What Is the Next Best Ingredient to Add

database-designrecursive

I am building a program that allows users to optimize their grocery shopping so they can make the most recipes using the fewest ingredients.

One of the features of this program is a function I’m calling the “NEXT BEST INGREDIENT” or NBI. For example, if you already have salt, oil, and rosemary, what NBI will unlock the most additional recipes?

Let’s say the answer is beef. If you buy beef, you’ll be able to create more new recipes than if you bought any other ingredient.

After buying beef, what is the NEXT BEST INGREDIENT one should add after that? And so on.

The feature will allow a user to enter any number of starting ingredients (including zero). So someone could start with 0, 3, or even 50 ingredients. What should they add next?

I’m using a database of recipes (about 500K recipes in all) to compile results.

I can map out the individuals steps for writing out a specific algorithm. But I need help writing a more generic algorithm.

Here’s a specific algorithm:

A user enters in 3 ingredients A, B, and C

Isolate all 4-ingredient recipes that use use A+B+C + BLANK. Note the BLANK with highest frequency.
Isolate all 3-ingredient recipes that use A+B + BLANK… A+C + BLANK… B+C + BLANK. Note the BLANK with highest frequency.
Isolate all 2-ingredient recipes that use A + BLANK….B + BLANK…C+ BLANK. Note the BLANK with highest frequency.
Isolate all 1-ingredient recipes that simply use BLANK. Note the BLANK with highest frequency.
Calculate the BLANK with the highest TOTAL frequency. This is the NEXT BEST INGREDIENT.

But I need a way to write a more generic algorithm for when a user enters N number of ingredients (anything from 0 ingredients to 100).

I can write out the rules in plain English – but my programmer needs a way to write a generic rule using coding logic.

Here it is in plain English.

When user searches N ingredients (including zero), instantly ignore any recipes that require N+2 ingredients or more. And then isolate ALL remaining recipes that use ALL, SOME, or NONE of those ingredients such that there is 1 (and only 1) vacant slot for an “unsearched” ingredient.
Tally up the frequency of all “unsearched” ingredients. Whichever “unsearched” ingredient has the highest frequency becomes the NEXT BEST INGREDIENT.

The goal is to make this search feature accurate (or as accurate as my database is) and fast. A few ingredients is easy.

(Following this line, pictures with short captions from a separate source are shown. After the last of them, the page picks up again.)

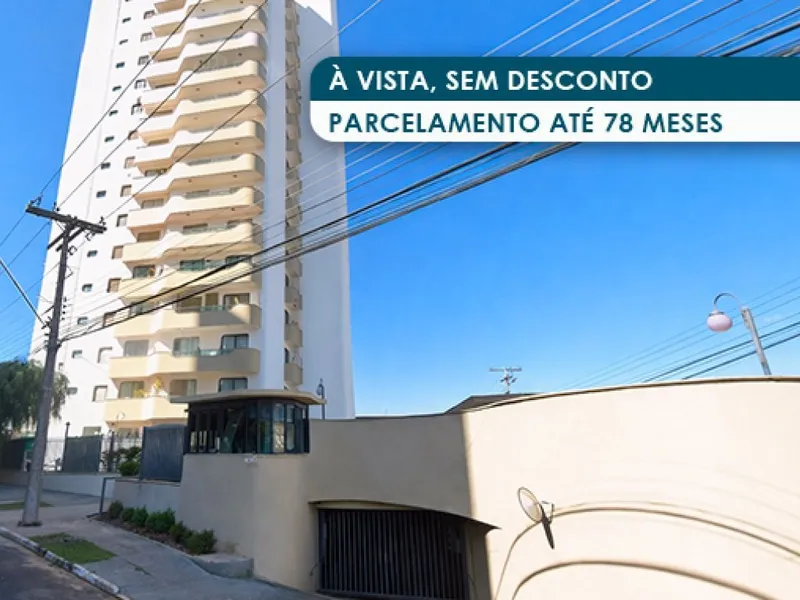 Apartamento em Leilão Extrajudicial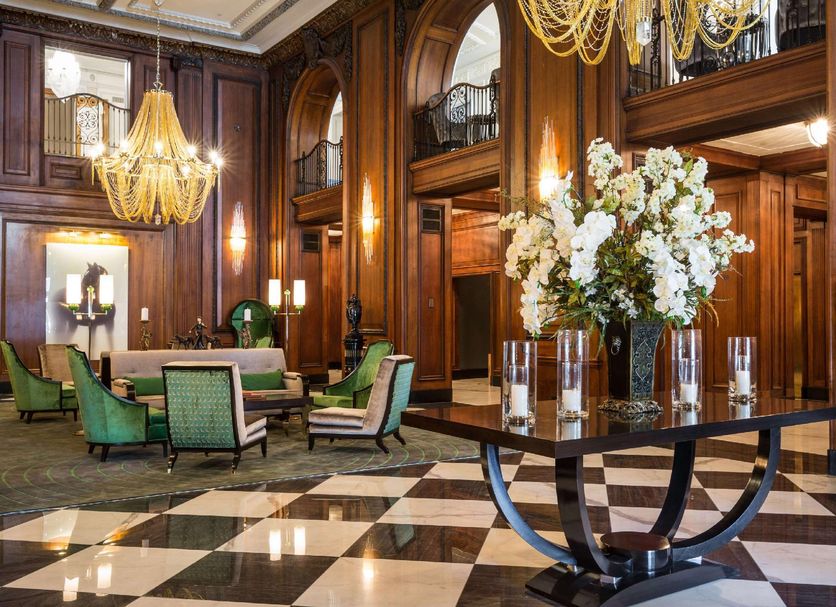 Lobby Photo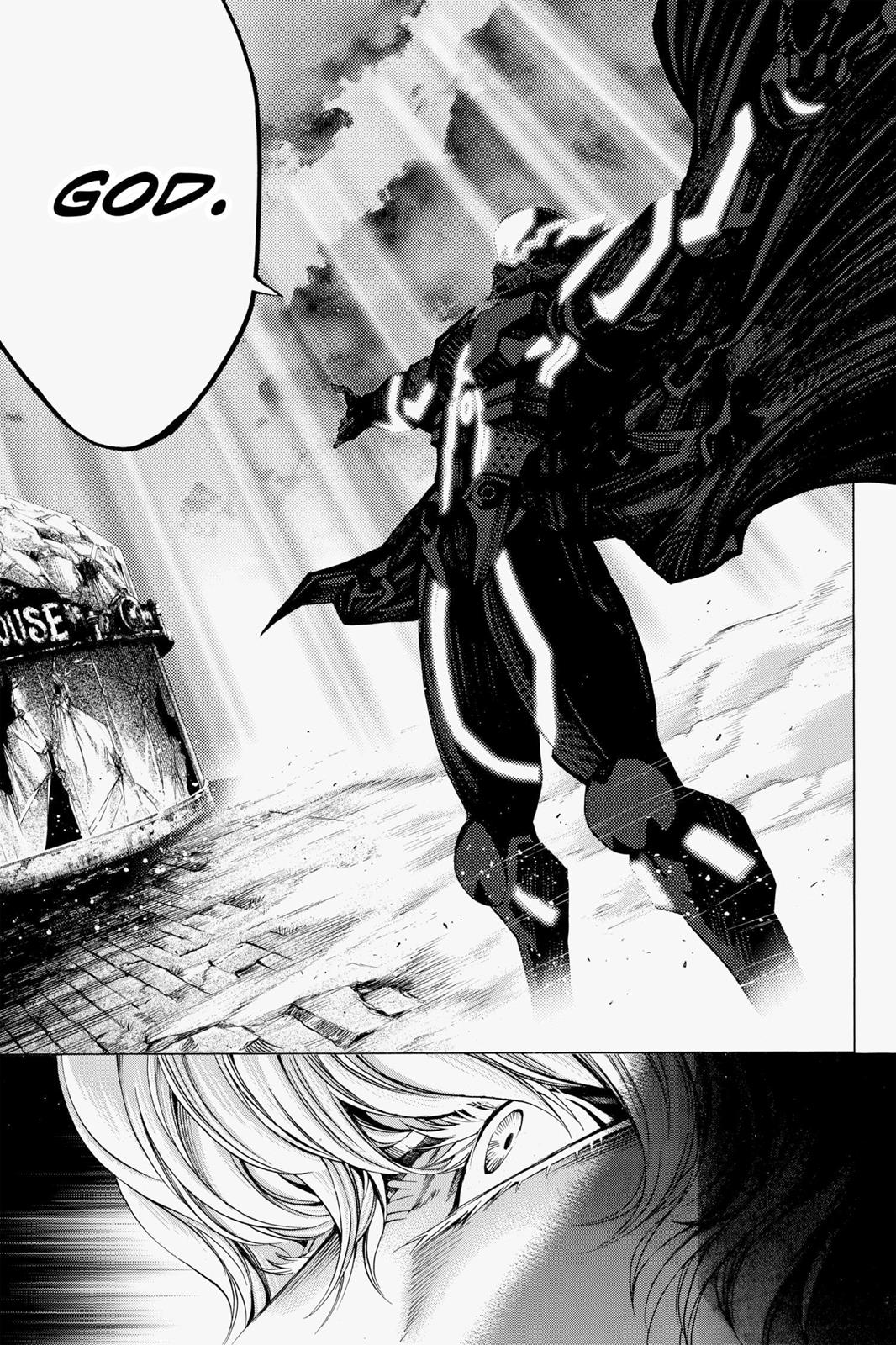 Platina End Chapter 22 page 14 - Chapter 22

But when looking at 10+ ingredients, it may slow down a bit.

Any thoughts?

Best Answer

If you assume a 3NF design in the entity relationship diagram below:

Entity Relationship Diagram with 4 tables

Recipes are stored in a Recipe table, a recipe's ingredients are stored in RecipeIngredients table, and the MyIngredients table contains an entry for each ingredient on hand.

Your Next Best Ingredient(s) is found with the following query:

SELECT Ingredients.IngredientID 
  , Ingredients.IngredientName
  , count() RecipesCompleted
FROM Ingredients 
 INNER JOIN RecipeIngredients on Ingredients.IngredientID = RecipeIngredients.IngredientID
 INNER JOIN (
   SELECT RecipeID
     , count() RemainingIngredients
   FROM Recipes
     INNER JOIN RecipeIngredients on Recipes.RecipeID = RecipeIngredients.IngredientID
     LEFT JOIN MyIngredients on RecipeIngredients.IngredientID = MyIngredients.IngredientID
   WHERE MyIngredients.IngredientID is null
   GROUP BY RecipeID
   HAVING count(*) = 1) RecipesWOneIngLeft 
      on RecipeIngredients.RecipeID = RecipesWOneIngLeft.RecipeID
 LEFT JOIN MyIngredients on RecipIngredients.IngredientID = MyIngredients.IngredientID
WHERE MyIngredients.IngredientID is null
GROUP BY Ingredients.IngredientID
 , Ingredients.IngredientName
ORDER BY RecipesCompleted DESC

Let's break the query down a bit. It works using the following theories:

By inserting your ingredients into the MyIngredients table allows, you're allowed to have N ingredients.
The next step is to use your algorithm to identify all recipes which are missing just one ingredient. This is done in the RecipesWOneIngLeft sub-query
The final step counts the number of recipes which are completed by each ingredient and then orders the result so the NBI is first.

Consider rewording your plain english algorithm to the following:

When user searches N ingredients, isolate ALL remaining recipes such that there is 1 (and only 1) vacant slot for an “unsearched” ingredient. Tally up the frequency of all “unsearched” ingredients. Whichever “unsearched” ingredient has the highest frequency becomes the NEXT BEST INGREDIENT.

Related Solutions

Mysql – Appropriate multi-language schema, or overkill

We've done a lot of this, and (administrative) users were allowed to fix the translations live. (You still might want a caching layer, but I'm totally down with driving this with a real database and not resource files - it gives you a ton of power to query and find things which need to be translated, etc). I think your schema is probably fine, so I'll just pass on some stuff we learned in the hope that it's useful.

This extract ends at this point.